▸ **Assignment**
From the listing below, reproduce exactly the lines starting with the one with "Мед натуральный Берестов" and going on through the one with "These contaminants are", both ends kept. No picture is copied.

▸ **Information shown**
————————
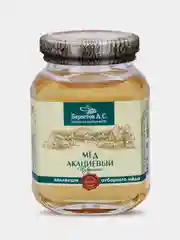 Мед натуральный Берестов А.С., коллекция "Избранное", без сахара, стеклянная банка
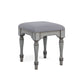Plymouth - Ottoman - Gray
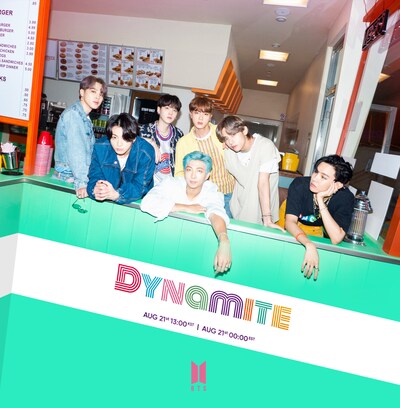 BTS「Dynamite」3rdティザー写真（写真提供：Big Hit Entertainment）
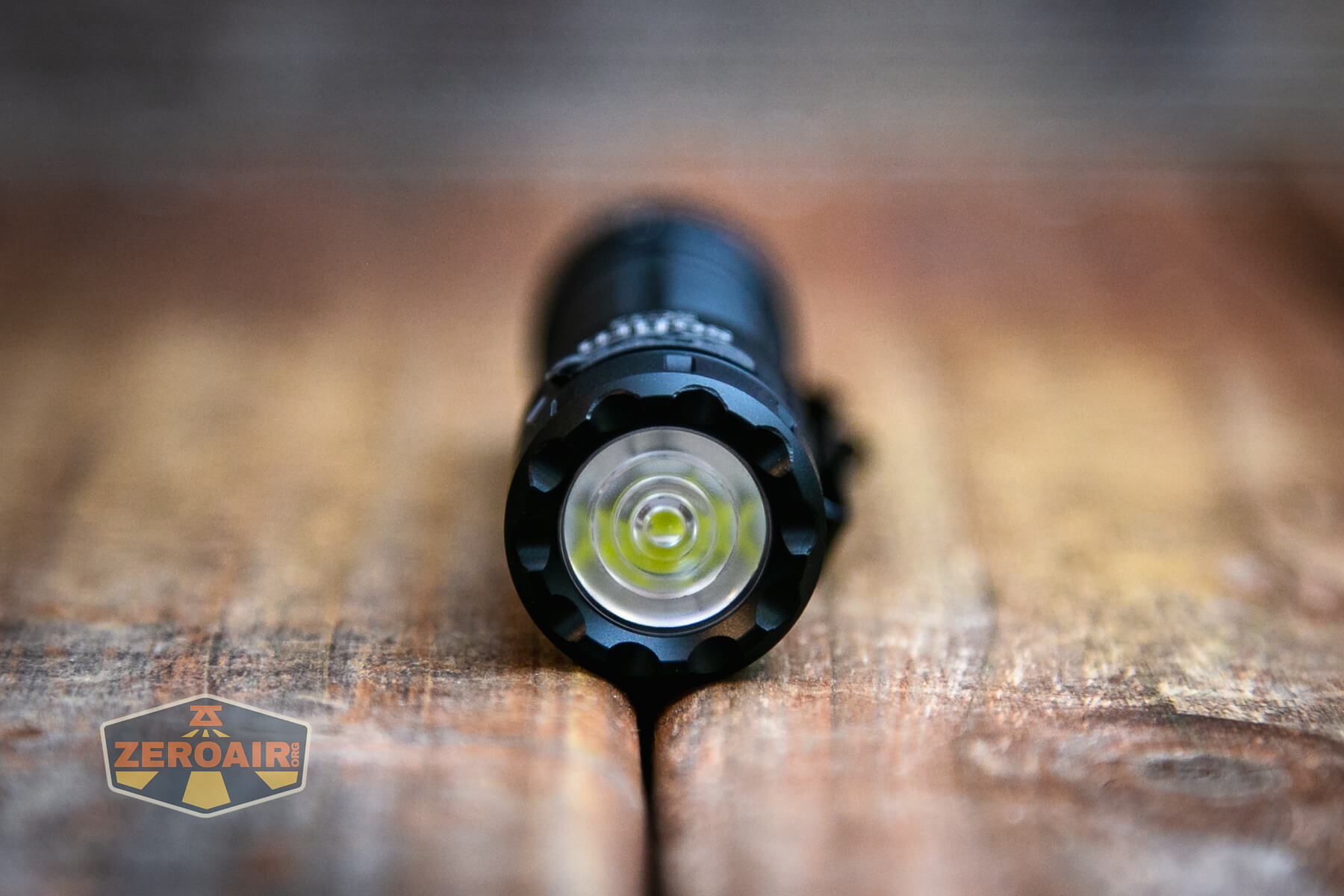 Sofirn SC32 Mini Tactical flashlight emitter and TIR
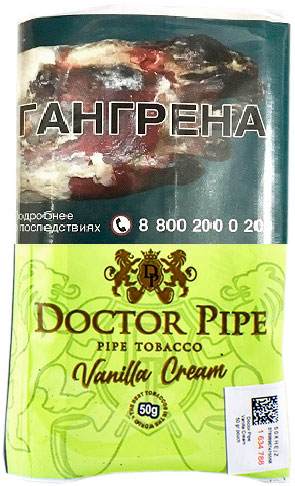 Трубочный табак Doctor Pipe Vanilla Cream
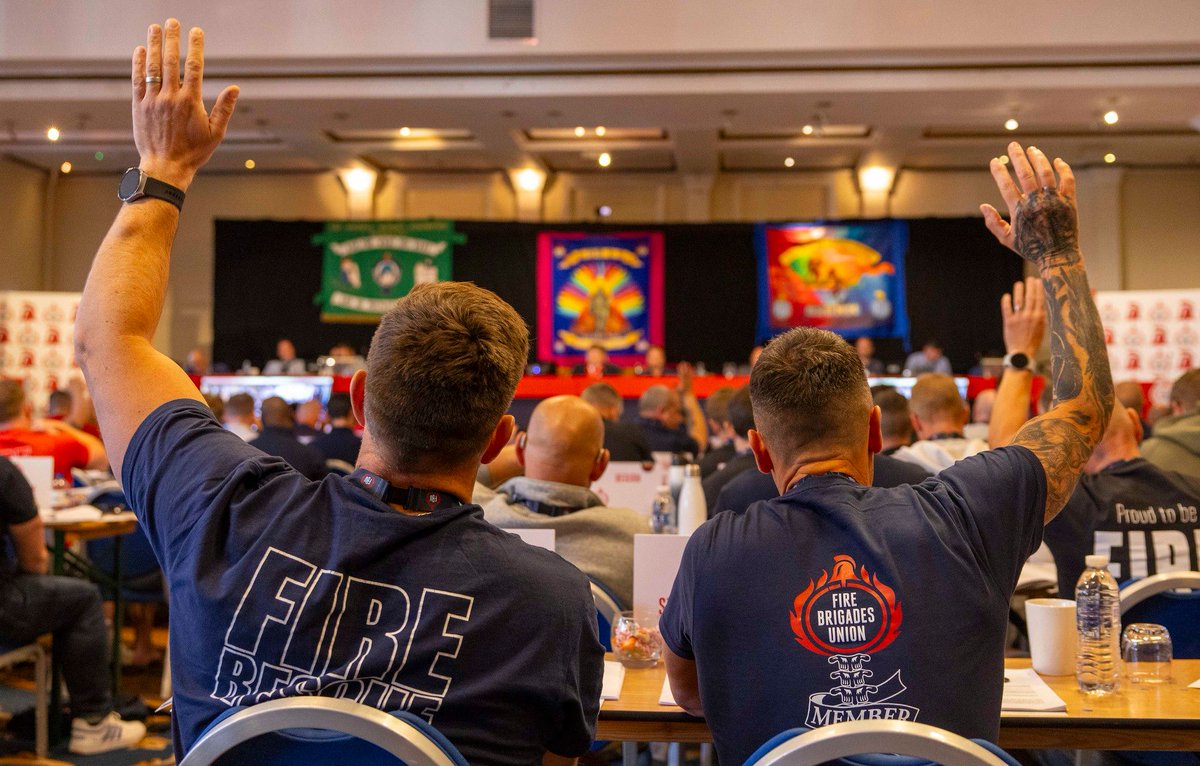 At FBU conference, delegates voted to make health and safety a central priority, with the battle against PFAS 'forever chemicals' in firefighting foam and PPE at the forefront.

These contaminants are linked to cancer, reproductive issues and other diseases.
————————
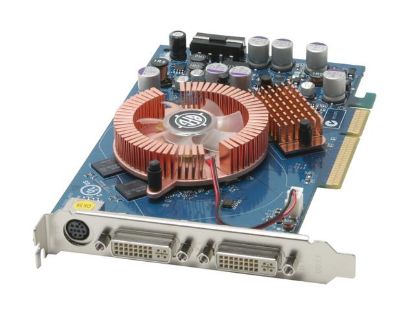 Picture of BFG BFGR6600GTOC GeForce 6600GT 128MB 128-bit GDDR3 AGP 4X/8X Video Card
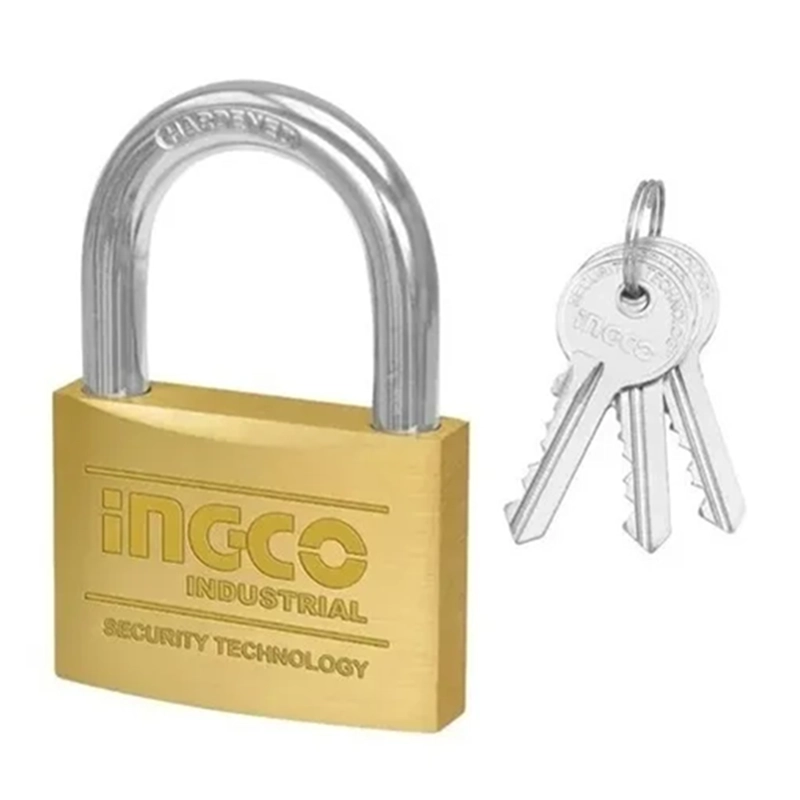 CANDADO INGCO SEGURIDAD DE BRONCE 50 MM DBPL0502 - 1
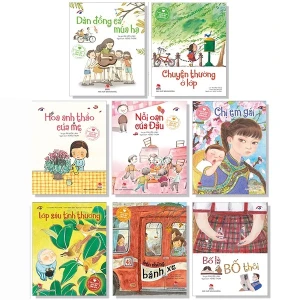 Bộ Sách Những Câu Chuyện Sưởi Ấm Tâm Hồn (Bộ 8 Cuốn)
————————
▸ **Result of this exercise**
 Мед натуральный Берестов А.С., коллекция "Избранное", без сахара, стеклянная банка
Plymouth - Ottoman - Gray
 BTS「Dynamite」3rdティザー写真（写真提供：Big Hit Entertainment）
 Sofirn SC32 Mini Tactical flashlight emitter and TIR
 Трубочный табак Doctor Pipe Vanilla Cream
 At FBU conference, delegates voted to make health and safety a central priority, with the battle against PFAS 'forever chemicals' in firefighting foam and PPE at the forefront.

These contaminants are linked to cancer, reproductive issues and other diseases.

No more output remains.